* **Material shown**
★ ★ ★
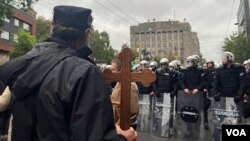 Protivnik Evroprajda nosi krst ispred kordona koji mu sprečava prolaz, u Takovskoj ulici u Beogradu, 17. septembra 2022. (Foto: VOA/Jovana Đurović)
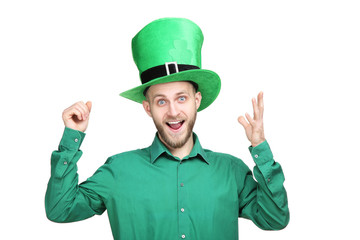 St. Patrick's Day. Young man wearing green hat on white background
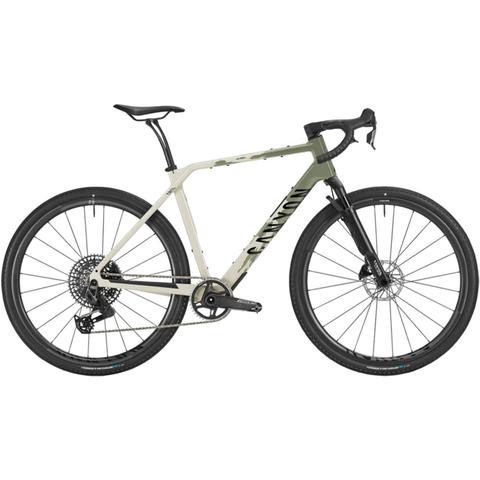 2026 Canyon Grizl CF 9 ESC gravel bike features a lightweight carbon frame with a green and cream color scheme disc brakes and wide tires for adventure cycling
★ ★ ★
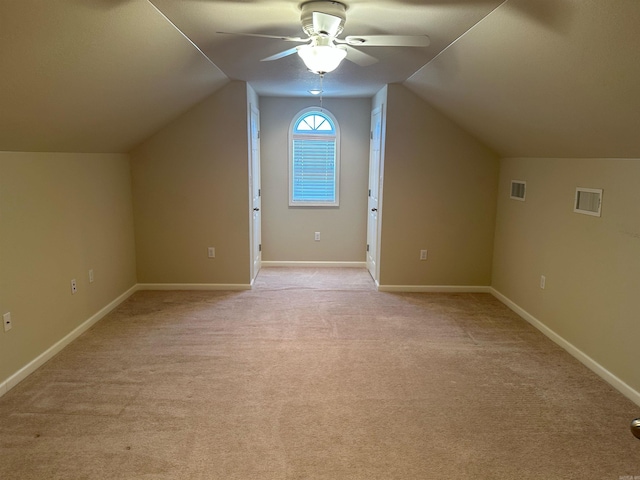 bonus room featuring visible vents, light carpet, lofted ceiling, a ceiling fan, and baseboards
★ ★ ★
* **Work instructions**
In the listing above, find the line with "Protivnik Evroprajda nosi" and output every line through the one with "2026 Canyon Grizl", exactly, without the pictures.

* **Output for this task**
 Protivnik Evroprajda nosi krst ispred kordona koji mu sprečava prolaz, u Takovskoj ulici u Beogradu, 17. septembra 2022. (Foto: VOA/Jovana Đurović)
 St. Patrick's Day. Young man wearing green hat on white background
 2026 Canyon Grizl CF 9 ESC gravel bike features a lightweight carbon frame with a green and cream color scheme disc brakes and wide tires for adventure cycling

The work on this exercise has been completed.